1/13
プロローグ
世界は何事もなかったかのように動き続ける。
昨日と同じように、今日が始まり、明日へと続いていく。
誰も知らない。
昨夜、ある巨大な影が消えたことを。
誰も気づかない。
この世界を狂わせていた"何か"が、静かに断たれたことを。
しかし、"彼ら"は知っている。
ZEROが動いたことを。
そして、また次の裁きが訪れることを。
「人々はZEROを知らない。
だが、ZEROは人々を見続けている。
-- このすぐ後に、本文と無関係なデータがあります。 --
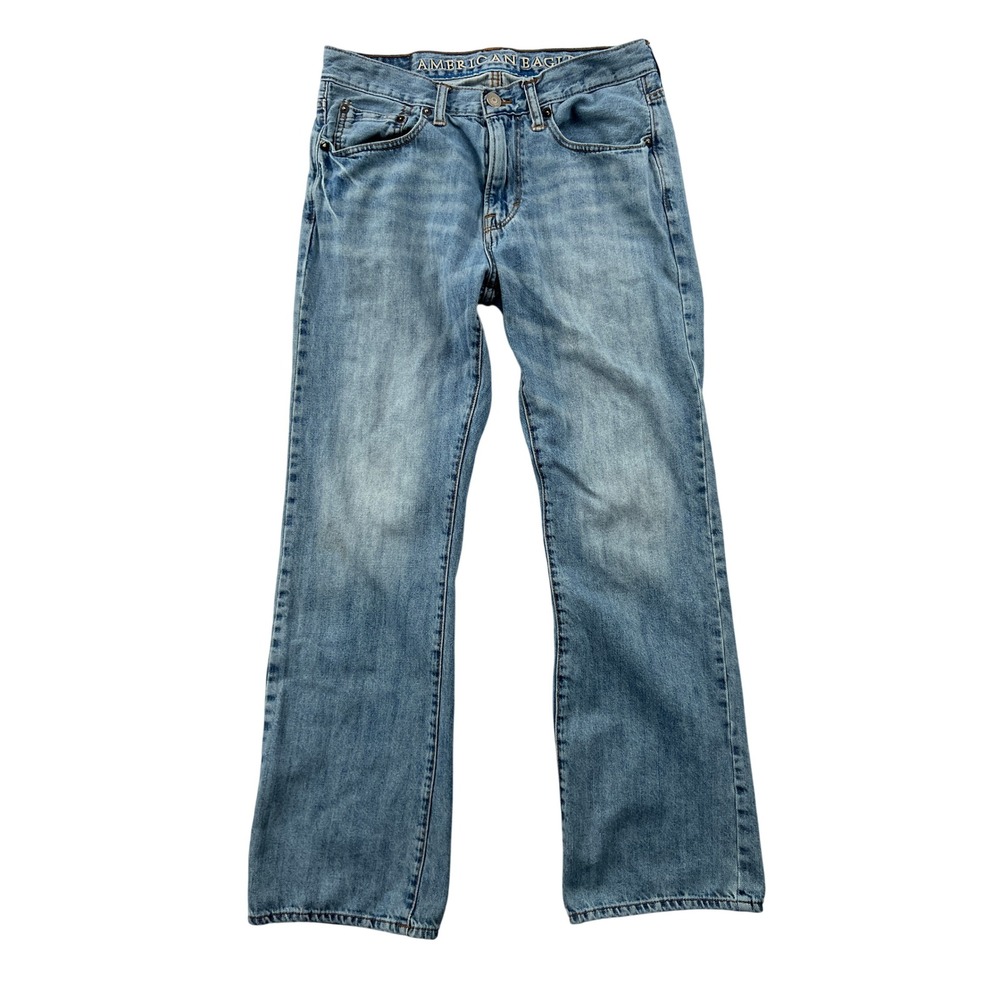 American Eagle Original Boot Jeans Mens 31x30 Blue Denim Distressed Y2K Casual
」
どこかの国の首都。
誰もが行き交う大通り。
その雑踏の中、ひとりの男が足を止める。
彼の手元には、何の変哲もない紙片があった。
そこに刻まれていたのは、ただ一つの文字。
「0」
男の表情が凍りつく。
震える指先で、もう一度紙を見つめる。
——その瞬間、彼は悟った。
自分の時間は、ここで終わるのだと。
やがて、喧騒の中に紛れ、彼の姿は消えた。
誰もそれに気づかない。
誰もそれを語らない。
ただ、ZEROは確かにそこにいた。
そしてまた、世界は静かに均衡を取り戻す。
ZEROは終わらない。
それは、人類が続く限り存在し続ける"絶対"の意志だから。
——影は消え、世界は続く。
それが、ZEROの"正義"。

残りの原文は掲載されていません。